According to the official blog post, XML sitemaps are typically large and are downloaded less frequently than RSS/Atom feeds, while the RSS/Atom feeds are small with only the most recent updates to your site. So if you use both formats, XML sitemaps will provide Google information about all the pages within your site and RSS/Atom feeds will provide all updates on your site. In this way, the search engine can keep your website content fresher in its index.
The blog post also highlights the two most important pieces of information within sitemaps for the search engine, which are:
- URL – Use only those URLs in XML sitemaps and RSS/Atom feeds, which can be fetched by Googlebot. Do not include URLs disallowed by robots.txt (they cannot be fetched by Googlebot) or URLs of pages that don’t exist. Include only canonical URLs. If you include URLs of duplicate pages, it will increase the load on your server without improving the indexing.
- Last Modification Time – A last modification time should be specified for each URL in an XML sitemap and RSS/Atom feed and it should be the last time the web page content changed meaningfully. If you want the change made on the web page to be visible in the search results, then the time of that change should be specified as the last modification time. Each format uses different tags for the last modification time (XML sitemap uses , RSS uses and Atom uses ). Ensure that the last modification time is set or updated correctly. Use the correct format to specify the time (W3C Datetime for XML sitemaps, RFC3339 for Atom and RFC822 for RSS) and update modification time only when the content has changed meaningfully. Do not set the last modification time to the current time whenever the sitemap or feed is served.

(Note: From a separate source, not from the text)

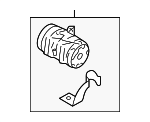 36050586 - : Compressor for Volvo Image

Best Practices for XML Sitemaps
- In the case of a single XML sitemap, update it at least once in a day (if the site changes regularly) and ping (submitting sitemap using an HTTP request) Google after updating it.
- In the case of a set of XML sitemaps, maximize the number of URLs in each XML sitemap. However, there is a limit of 50,000 URLs or a maximum size of 10MB uncompressed (whichever reached first). It is required to ping Google for each updated XML sitemap (or once for the sitemap index, if it is used) whenever it is updated. Do not put only a handful of URLs into each XML sitemap file, which will make it difficult for the search engine to download all the XML sitemaps within a reasonable time.
Best Practices for RSS/Atom Feeds
- Whenever a new page is added or an existing page within the website is changed meaningfully, add the URL as well as the modification time to the feed.
- The RSS/Atom feed should have all updates in it since at least the last time Google downloaded it so that the search engine won’t miss any update. It is advisable to use PubSubHubbub to accomplish this. It will propagate the content of your feed to all interested parties such as RSS readers, search engines etc. in the fastest and most efficient way possible.
If online marketers follow these recommendations along with other web optimization efforts, Google results will show their latest website content better. This will help them to drive more consumers, and improve traffic and sales.